Tower recommends 10-12 PSI for inflation but the board can be taken up to a total of 20 PSI. Most all-around boards I pump to about 14 or 15 PSI but in this case it’s probably best to follow the manufacturer’s instructions on this one.
The Takedown process is also fairly straightforward. Rinse the board off, dry it, deflate it, and roll it up! I find that it’s best to roll Tower boards rather than fold them. Rolling a board will take less wear out of the board as opposed to folding which after a long period of time creates some weak spots in the board.
Once rolled you can place the paddle inside the middle of the rolled board along with the fin. You could try to fit the pump in there too although that may be a bit too much of an ask.
About Tower Paddle Boards
Tower Paddle Boards is an originator of the 6” thick paddle board which has quickly become the standard today. They took that a step further in recent years by developing the 8” thick paddle boards with the Xtreme and the Xplorer Elite series boards. Few manufacturers today produce 8” thick paddle boards. Whether that becomes a trend remains to be seen.
As I’m sure many of you know by now, Tower was popularized on the popular ABC show Shark Tank where Mark Cuban struck a deal with Stephan Aarstol the founder. Mark Cuban has gone on the record as saying that Tower was one of his most successful acquisitions.
Warranty and Returns Information
The Elite series offers a 3-year warranty and a 30-day money-back guarantee.
Best of all Tower will not charge a restocking fee should you return your board within the 30-day period.
Tower Paddle Boards has a tiered warranty policy for its boards
- 1 Year warranty for Starter Series (S-Class)
- 2 Year Warranty for Premium Series (Mermaid, Yachtsman, Adventure 2, iRace)
- 3 Year Warranty for Elite series (Xplorer and Xtreme)
What Customers Think
The Tower Xtreme is still a relatively new line so there are not a ton of customer testimonials and reviews out there just yet. But there are a few we found on the Tower website. Probably the comment that best sums it up goes as follows:
“The X-Class iSUPs are definitely a performance upgrade from other inflatable paddle boards I’ve tried. The added thickness makes a big difference in rigidity and speed.
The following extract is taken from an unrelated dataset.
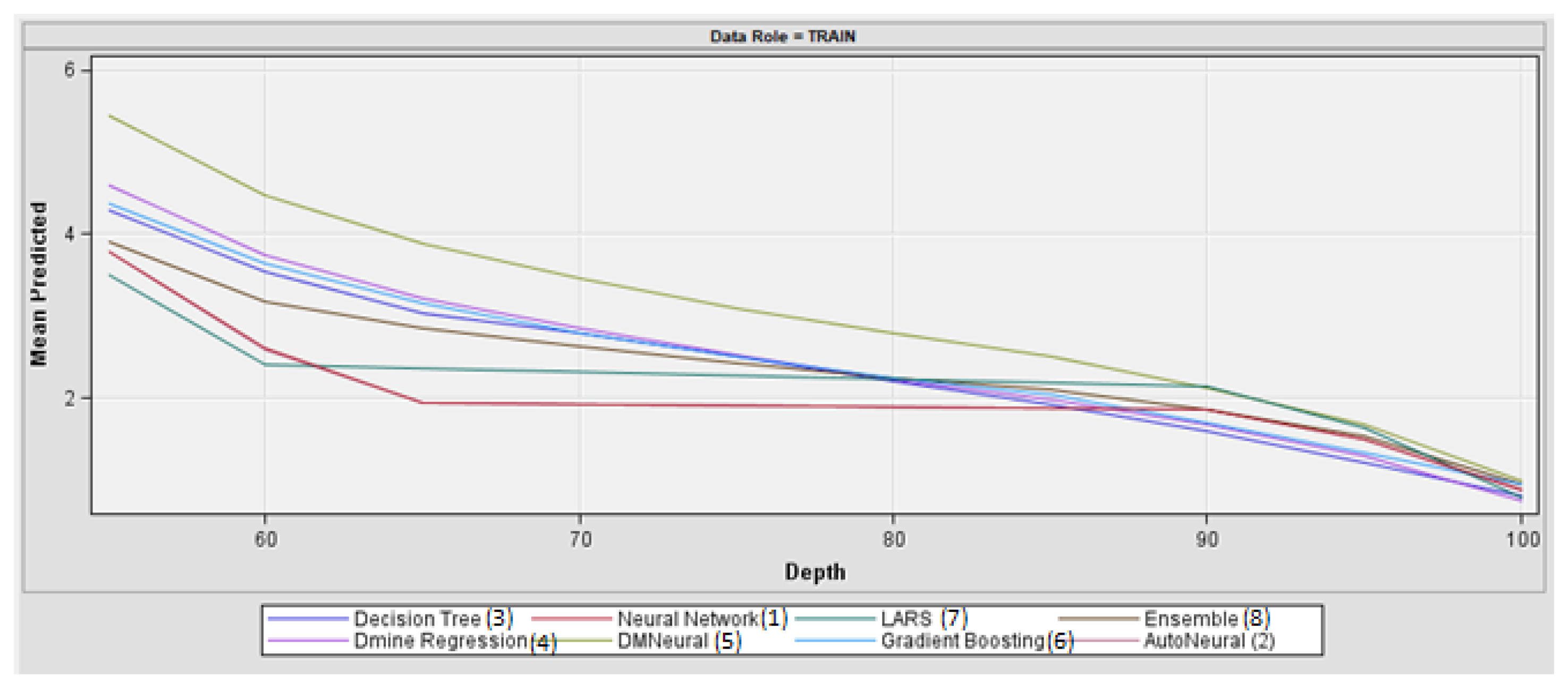 Sustainability 14 03475 g005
My only complaint is that it’s a bit heavy to carry around, but that’s to be expected with a board this sturdy I suppose. I’ve had a cheap board off Amazon and it was so flimsy that it was almost useless.”– Max Chenowith (Tower Customer)
“My partner and I love our Tower iSUP! We wanted a board that could handle our combined weight, and this one definitely does the trick. It’s super rigid and stable, and we love the faux teak boat decking look. Highly recommend for any tandem paddlers out there!”– Lila S. (Tower Customer)
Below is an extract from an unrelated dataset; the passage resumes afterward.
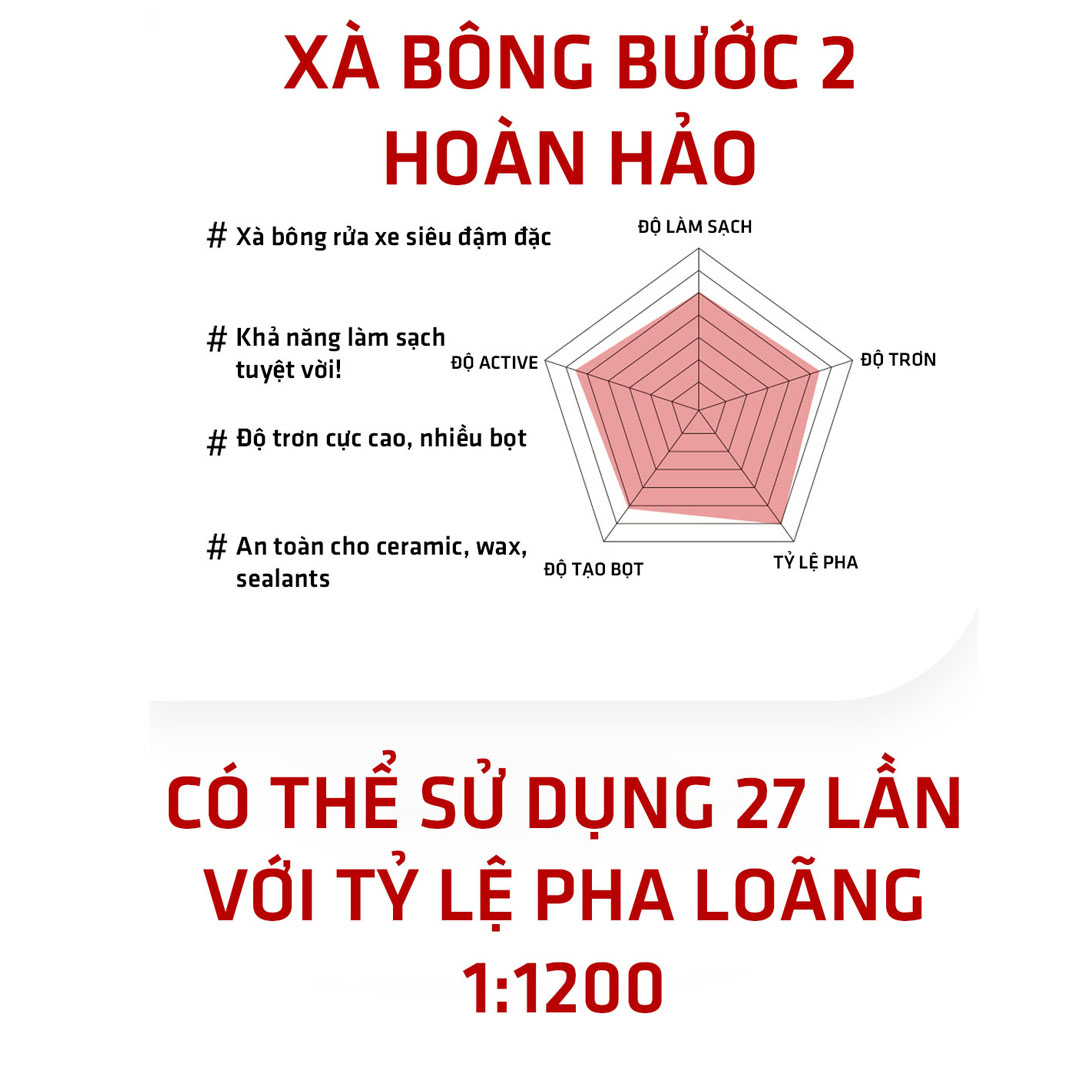 Combo Rửa Xe Hai Bước Cực Kỳ Hiệu Quả Và An Toàn Cho Bề Mặt Sơn Lớp Phủ Ceramic - Snow Foam & Shampoo Pearl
As of now on the Tower website the Xtreme has a 4.67 customer rating out of 5.
Where to Buy the Tower Xtreme Paddle Board
The best place will be directly through Tower’s Website. Tower is one of the first direct-to-consumer websites that cut out the middle man.
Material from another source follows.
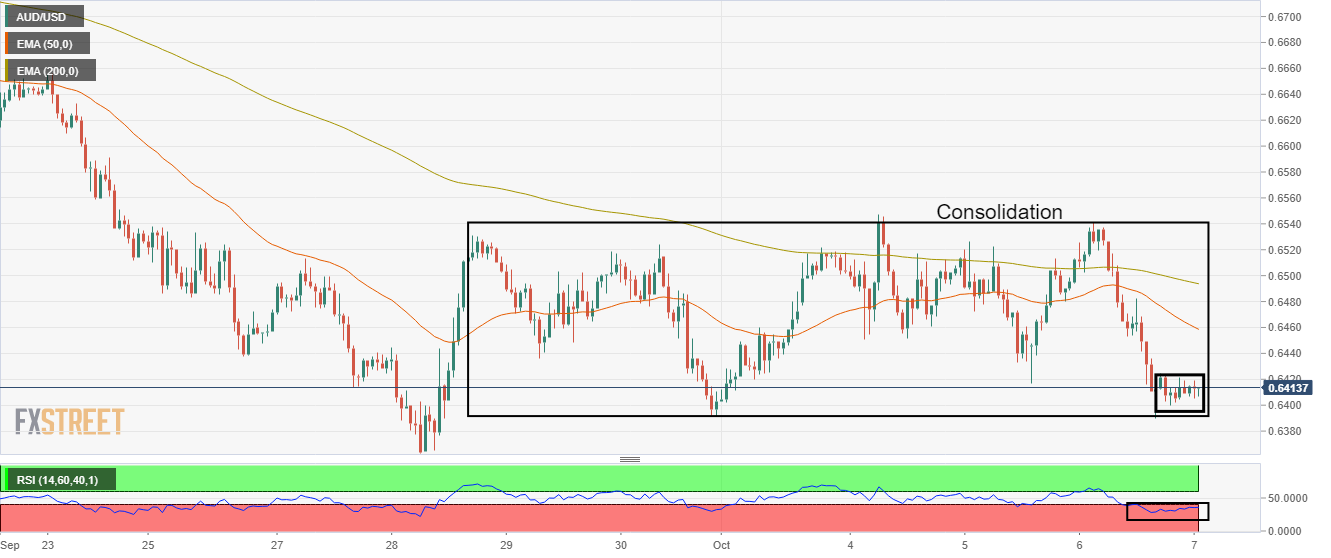 Grafik Per Jam AUD/USD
Below are some boards that come to mind when comparing the Tower Xtreme SUP.
Gili Meno Series
The Gili Meno 11’6” is a 6” thick board that is 35” wide much like the Xplorer. The main difference is the Meno series offers more add-ons such as action mounts, extra deck bungees, Scotty Mounts, and a paddle holder. So if adding accessories is essential to you, the Meno is a decent pick. The Meno offers you the choice of 11’6” or 10’6” paddle boards.
iRocker Blackfin Model X
Like the Gili Meno 10’6”, the Model X has similar dimensions but is a bit heavier at 27 lbs. The board has a lot of accessory capabilities. The board is made of a triple-layer PVC and carbon side rails with reinforced seams. It’s an ideal board for anglers who crave accessory capabilities and stability on the water.